Setiap klub sepak bola memiliki pemain yang sempat atau masih menjadi simbol klub. Iker Casillas dan Raul Gonzalez di Real Madrid, Steven Gerrard dan Jamie Carragher di Liverpool, Xabi Hernandez, Andres Iniesta dan Lionel Messi di Barcelona, Ryan Giggs di Manchester United, Paolo Maldini di AC Milan dan masih banyak lagi nama-nama besar lainnya. Mungkin saja dari segi pencapaian prestasi deretan nama tersebut lebih mentereng dari seorang Totti. Akan tetapi dari deretan nama tersebut juga tidak seberuntung Totti. Paling tidak hingga saat ini Totti masih memiliki kesempatan untuk terus bermain membela klub pujaannya. Paling tidak hingga saat ini dia masih menjadi alasan supporter Roma untuk terus meneriakkan namanya ketika list pemain disebutkan sebelum pertandingan di Olimpico dimulai. Paling tidak hingga saat ini dia masih bisa memberikan kontribusi nyata, mulai dari pekikan semangat, kontrol bola menawan, visi bermain luar biasa, gol-gol indah atau bahkan “umpan rahasia” bagi pemain lain untuk membawa Roma memenangkan tiap laga.

Beberapa orang hingga saat ini hanya sekedar bisa memimpikan kesuksesan, sedangkan beberapa orang lainnya saat ini masih terjaga untuk terus meraihnya. Itulah sosok Francesco Totti. Hingga usianya yang menginjak 39 tahun, dia masih tetap terjaga, kokoh, penuh hasrat memimpin tiap pertandingan bersama panji AS Roma yang dia mainkan. Untuk semua yang telah anda berikan, saya memiliki pesan. Terima kasih atas semua momen fantastis yang telah anda ciptakan. Terima kasih atas sebuah contoh nyata bagaimana arti loyalitas sebenarnya. Terima kasih atas hiburan tanpa henti yang anda berikan tiap rumput dan bola menyatu di kaki anda.

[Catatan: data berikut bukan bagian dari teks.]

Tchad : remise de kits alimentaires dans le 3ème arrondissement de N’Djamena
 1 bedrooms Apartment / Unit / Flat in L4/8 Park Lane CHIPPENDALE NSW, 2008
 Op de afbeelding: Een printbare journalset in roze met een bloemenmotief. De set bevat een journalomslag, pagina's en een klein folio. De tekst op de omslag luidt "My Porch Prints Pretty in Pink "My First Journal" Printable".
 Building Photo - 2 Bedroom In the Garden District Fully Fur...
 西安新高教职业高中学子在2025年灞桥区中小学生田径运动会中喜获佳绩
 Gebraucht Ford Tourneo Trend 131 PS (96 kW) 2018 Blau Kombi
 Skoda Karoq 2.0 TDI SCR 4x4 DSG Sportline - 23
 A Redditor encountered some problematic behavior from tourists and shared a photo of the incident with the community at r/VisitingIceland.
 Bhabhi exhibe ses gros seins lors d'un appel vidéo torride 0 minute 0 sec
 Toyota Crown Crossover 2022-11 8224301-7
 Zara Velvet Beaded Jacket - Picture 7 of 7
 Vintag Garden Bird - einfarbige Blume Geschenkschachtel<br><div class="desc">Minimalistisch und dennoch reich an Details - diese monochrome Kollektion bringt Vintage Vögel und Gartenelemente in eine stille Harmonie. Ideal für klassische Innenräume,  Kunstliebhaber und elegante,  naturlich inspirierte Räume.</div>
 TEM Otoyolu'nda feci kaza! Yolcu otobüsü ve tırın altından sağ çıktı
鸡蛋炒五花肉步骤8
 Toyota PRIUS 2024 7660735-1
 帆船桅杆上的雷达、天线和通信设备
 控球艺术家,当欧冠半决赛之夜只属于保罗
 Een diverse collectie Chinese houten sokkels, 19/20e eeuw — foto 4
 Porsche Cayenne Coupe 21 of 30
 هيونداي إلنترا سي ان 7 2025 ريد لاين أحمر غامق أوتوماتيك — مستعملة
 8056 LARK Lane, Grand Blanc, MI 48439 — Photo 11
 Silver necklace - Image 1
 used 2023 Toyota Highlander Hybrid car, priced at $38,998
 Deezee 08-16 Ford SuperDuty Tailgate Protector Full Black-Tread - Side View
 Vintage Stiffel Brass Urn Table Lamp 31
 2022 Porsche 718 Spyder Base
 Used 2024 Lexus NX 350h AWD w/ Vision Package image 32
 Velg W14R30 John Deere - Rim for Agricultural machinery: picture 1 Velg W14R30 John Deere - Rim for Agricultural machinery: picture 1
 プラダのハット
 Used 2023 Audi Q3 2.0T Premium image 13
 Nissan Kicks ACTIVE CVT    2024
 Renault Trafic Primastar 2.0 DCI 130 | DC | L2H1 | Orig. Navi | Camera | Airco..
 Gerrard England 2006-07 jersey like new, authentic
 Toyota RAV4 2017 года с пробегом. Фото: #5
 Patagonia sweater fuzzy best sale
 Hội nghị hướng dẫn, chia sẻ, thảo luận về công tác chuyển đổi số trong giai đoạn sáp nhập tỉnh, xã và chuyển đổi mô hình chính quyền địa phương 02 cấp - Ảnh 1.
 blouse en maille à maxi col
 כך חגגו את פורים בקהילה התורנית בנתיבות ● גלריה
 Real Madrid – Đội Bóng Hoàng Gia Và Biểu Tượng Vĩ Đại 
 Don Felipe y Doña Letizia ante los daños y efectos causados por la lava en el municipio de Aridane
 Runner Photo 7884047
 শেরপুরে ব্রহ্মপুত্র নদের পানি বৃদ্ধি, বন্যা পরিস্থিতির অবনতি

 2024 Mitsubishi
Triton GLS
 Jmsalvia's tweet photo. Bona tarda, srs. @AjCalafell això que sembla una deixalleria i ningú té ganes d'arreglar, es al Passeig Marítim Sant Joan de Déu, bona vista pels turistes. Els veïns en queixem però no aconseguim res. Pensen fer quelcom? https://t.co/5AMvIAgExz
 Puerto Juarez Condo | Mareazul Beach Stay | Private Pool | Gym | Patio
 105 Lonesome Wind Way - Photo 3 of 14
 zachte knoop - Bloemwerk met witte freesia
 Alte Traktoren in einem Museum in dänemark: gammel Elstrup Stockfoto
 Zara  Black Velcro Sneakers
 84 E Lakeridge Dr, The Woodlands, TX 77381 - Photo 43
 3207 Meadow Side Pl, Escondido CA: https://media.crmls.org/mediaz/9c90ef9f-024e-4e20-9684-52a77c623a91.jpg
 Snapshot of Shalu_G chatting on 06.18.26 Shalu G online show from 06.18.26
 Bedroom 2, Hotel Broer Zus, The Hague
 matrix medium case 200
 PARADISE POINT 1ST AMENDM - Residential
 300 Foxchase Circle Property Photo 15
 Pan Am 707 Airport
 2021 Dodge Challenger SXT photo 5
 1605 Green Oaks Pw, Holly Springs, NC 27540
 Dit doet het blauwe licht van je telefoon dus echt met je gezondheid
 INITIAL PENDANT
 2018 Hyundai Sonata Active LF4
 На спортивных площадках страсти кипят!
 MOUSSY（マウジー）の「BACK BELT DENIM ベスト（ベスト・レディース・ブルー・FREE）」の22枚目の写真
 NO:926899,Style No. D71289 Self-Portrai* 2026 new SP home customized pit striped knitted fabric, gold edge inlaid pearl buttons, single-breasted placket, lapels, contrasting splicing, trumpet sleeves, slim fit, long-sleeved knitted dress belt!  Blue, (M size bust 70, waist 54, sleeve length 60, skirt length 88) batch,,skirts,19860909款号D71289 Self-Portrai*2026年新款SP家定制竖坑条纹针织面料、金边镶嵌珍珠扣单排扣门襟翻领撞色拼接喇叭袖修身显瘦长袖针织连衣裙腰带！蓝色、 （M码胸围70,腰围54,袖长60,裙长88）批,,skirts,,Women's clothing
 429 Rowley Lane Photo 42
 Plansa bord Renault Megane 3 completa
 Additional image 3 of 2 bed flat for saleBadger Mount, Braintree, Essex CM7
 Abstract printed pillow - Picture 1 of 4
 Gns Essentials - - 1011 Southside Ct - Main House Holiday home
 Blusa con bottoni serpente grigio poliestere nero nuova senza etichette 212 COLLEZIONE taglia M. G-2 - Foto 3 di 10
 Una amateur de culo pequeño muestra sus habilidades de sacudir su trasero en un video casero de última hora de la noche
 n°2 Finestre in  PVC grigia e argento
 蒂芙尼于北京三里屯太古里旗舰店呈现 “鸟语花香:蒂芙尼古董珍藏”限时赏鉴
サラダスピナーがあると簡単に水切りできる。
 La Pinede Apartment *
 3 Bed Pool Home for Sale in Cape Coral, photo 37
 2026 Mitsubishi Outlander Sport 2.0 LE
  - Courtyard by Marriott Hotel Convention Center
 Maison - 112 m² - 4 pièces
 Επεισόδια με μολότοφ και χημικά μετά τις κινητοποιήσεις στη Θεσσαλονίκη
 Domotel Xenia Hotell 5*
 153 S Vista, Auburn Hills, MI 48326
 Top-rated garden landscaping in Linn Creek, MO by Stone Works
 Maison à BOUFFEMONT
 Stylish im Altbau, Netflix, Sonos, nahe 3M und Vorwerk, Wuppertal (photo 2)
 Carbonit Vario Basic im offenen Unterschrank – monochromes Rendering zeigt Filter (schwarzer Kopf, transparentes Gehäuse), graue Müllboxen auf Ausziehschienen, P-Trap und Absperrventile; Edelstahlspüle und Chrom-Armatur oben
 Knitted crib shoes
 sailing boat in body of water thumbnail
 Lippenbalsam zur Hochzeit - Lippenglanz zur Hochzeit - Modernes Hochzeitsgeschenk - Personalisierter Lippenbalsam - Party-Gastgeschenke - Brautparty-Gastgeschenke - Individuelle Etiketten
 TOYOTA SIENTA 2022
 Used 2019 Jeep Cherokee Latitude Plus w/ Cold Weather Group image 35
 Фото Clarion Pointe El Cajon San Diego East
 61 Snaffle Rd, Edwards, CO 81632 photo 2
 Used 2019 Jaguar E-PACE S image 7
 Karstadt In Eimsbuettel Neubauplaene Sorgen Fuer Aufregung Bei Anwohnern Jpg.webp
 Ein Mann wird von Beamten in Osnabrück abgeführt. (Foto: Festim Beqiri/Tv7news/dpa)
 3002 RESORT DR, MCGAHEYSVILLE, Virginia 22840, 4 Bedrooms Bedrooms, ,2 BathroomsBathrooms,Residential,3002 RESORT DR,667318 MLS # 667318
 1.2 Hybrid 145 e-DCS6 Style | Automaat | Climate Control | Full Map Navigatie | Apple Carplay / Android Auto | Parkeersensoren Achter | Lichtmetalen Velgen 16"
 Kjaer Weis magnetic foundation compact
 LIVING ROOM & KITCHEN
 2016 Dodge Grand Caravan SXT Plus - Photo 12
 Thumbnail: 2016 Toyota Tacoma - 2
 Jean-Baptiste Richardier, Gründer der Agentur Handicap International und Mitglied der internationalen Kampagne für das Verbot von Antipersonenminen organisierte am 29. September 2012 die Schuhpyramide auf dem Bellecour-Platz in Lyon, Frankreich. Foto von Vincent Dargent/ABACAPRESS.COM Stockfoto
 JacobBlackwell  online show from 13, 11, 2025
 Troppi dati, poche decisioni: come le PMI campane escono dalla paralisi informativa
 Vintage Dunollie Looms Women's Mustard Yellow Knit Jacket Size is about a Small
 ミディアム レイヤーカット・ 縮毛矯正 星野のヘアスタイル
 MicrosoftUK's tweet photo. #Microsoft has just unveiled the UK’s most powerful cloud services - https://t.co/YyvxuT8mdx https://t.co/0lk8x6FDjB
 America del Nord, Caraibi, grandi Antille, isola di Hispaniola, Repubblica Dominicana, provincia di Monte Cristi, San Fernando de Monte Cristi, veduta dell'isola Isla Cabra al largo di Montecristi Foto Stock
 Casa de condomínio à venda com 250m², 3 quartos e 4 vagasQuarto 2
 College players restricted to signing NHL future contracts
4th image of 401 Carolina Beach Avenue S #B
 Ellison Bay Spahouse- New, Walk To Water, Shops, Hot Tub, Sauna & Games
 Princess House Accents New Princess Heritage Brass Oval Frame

Saya berharap, anda tetap bertahan paling tidak untuk satu musim kedepan. Tetaplah kenakan ban kapten Roma di lengan kananmu. Tetaplah isap jempol ketika bola berhasil anda jaringkan ke gawang lawan. Tetaplah berlari ke curva sud ketika anda merayakan gol di ajang derby. Tetaplah warnai tiap pertandingan Roma dengan keindahan visi bermainmu, layaknya keindahan alam Sepanjang yang sempat saya nikmati sore hari yang lalu. Jujur, saya sebagai pendukung Roma khususnya, dan sepak bola pada umumnya belum siap untuk kehilangan seorang Fantasista langka seperti anda.




Selamat ulang tahun kapten, terima kasih atas semua keindahan yang telah anda berikan.